### Your goal:
Quote the entries below from the line with "Emma Ellis wearing" through the line with "close up of", both ends included, and only those lines.

### Data shown:

——————

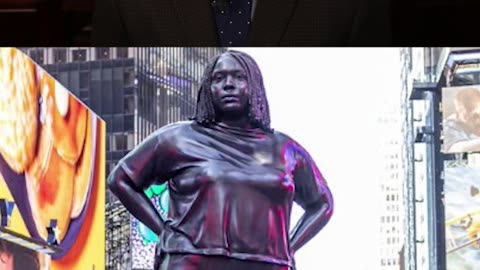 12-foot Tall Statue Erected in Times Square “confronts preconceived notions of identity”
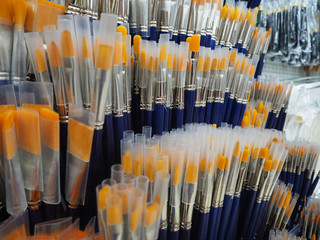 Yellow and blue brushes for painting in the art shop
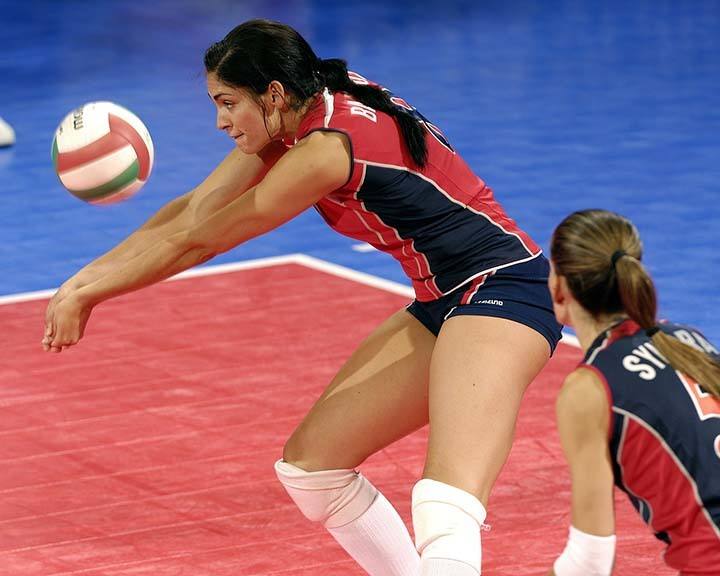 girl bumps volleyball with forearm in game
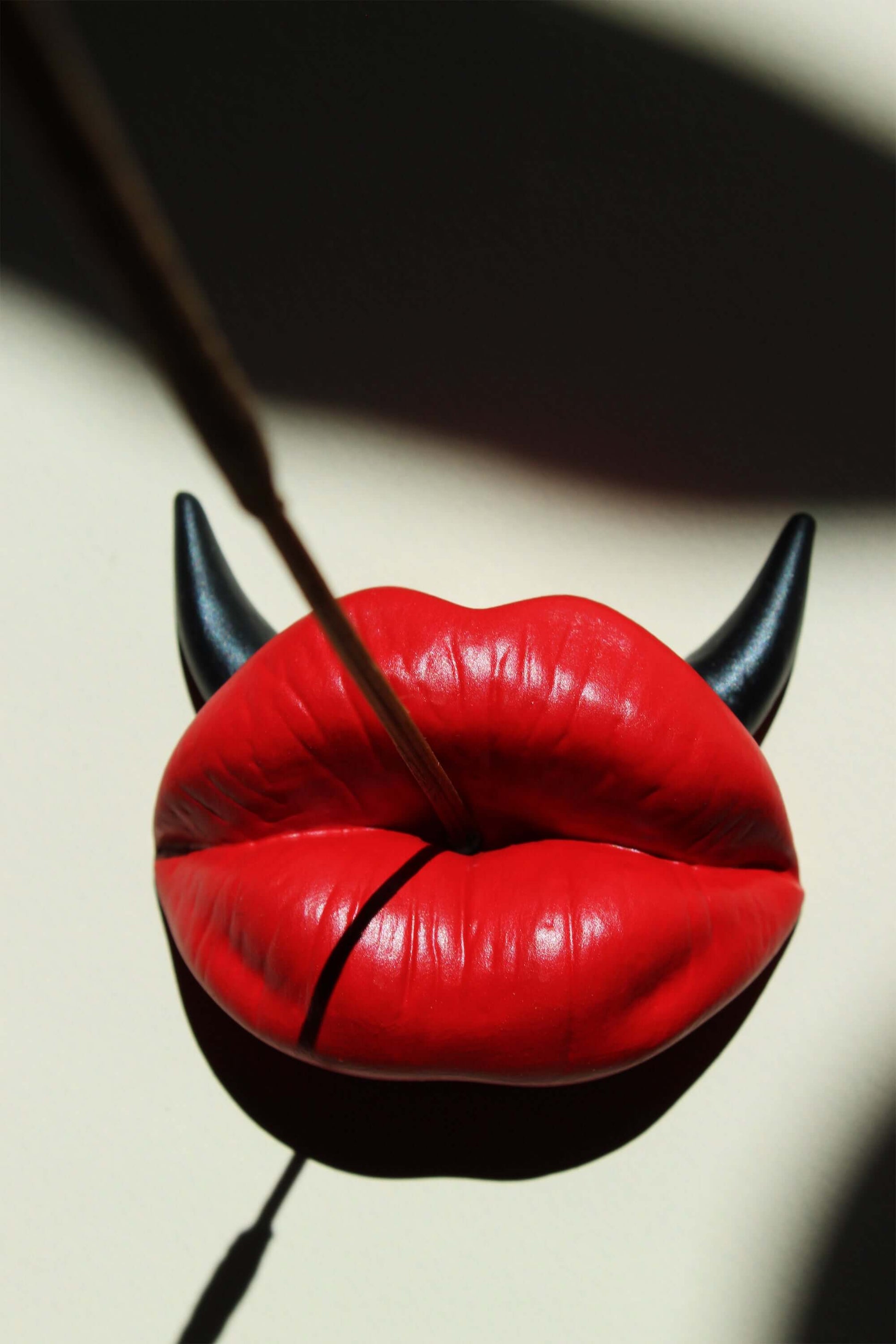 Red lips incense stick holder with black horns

——————

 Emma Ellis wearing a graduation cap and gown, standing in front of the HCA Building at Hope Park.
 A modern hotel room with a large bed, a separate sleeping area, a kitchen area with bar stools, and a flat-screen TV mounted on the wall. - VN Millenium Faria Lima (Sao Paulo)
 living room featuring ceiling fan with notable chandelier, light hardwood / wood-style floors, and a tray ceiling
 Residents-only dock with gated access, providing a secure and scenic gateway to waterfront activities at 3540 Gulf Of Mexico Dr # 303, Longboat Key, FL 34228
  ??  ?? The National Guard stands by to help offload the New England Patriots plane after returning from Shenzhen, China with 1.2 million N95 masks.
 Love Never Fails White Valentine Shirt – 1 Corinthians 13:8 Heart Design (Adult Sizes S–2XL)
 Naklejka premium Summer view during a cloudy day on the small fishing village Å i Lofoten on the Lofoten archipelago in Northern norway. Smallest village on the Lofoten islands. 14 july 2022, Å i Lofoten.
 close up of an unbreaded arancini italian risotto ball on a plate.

——————

### Answer space:
 Emma Ellis wearing a graduation cap and gown, standing in front of the HCA Building at Hope Park.
 A modern hotel room with a large bed, a separate sleeping area, a kitchen area with bar stools, and a flat-screen TV mounted on the wall. - VN Millenium Faria Lima (Sao Paulo)
 living room featuring ceiling fan with notable chandelier, light hardwood / wood-style floors, and a tray ceiling
 Residents-only dock with gated access, providing a secure and scenic gateway to waterfront activities at 3540 Gulf Of Mexico Dr # 303, Longboat Key, FL 34228
  ??  ?? The National Guard stands by to help offload the New England Patriots plane after returning from Shenzhen, China with 1.2 million N95 masks.
 Love Never Fails White Valentine Shirt – 1 Corinthians 13:8 Heart Design (Adult Sizes S–2XL)
 Naklejka premium Summer view during a cloudy day on the small fishing village Å i Lofoten on the Lofoten archipelago in Northern norway. Smallest village on the Lofoten islands. 14 july 2022, Å i Lofoten.
 close up of an unbreaded arancini italian risotto ball on a plate.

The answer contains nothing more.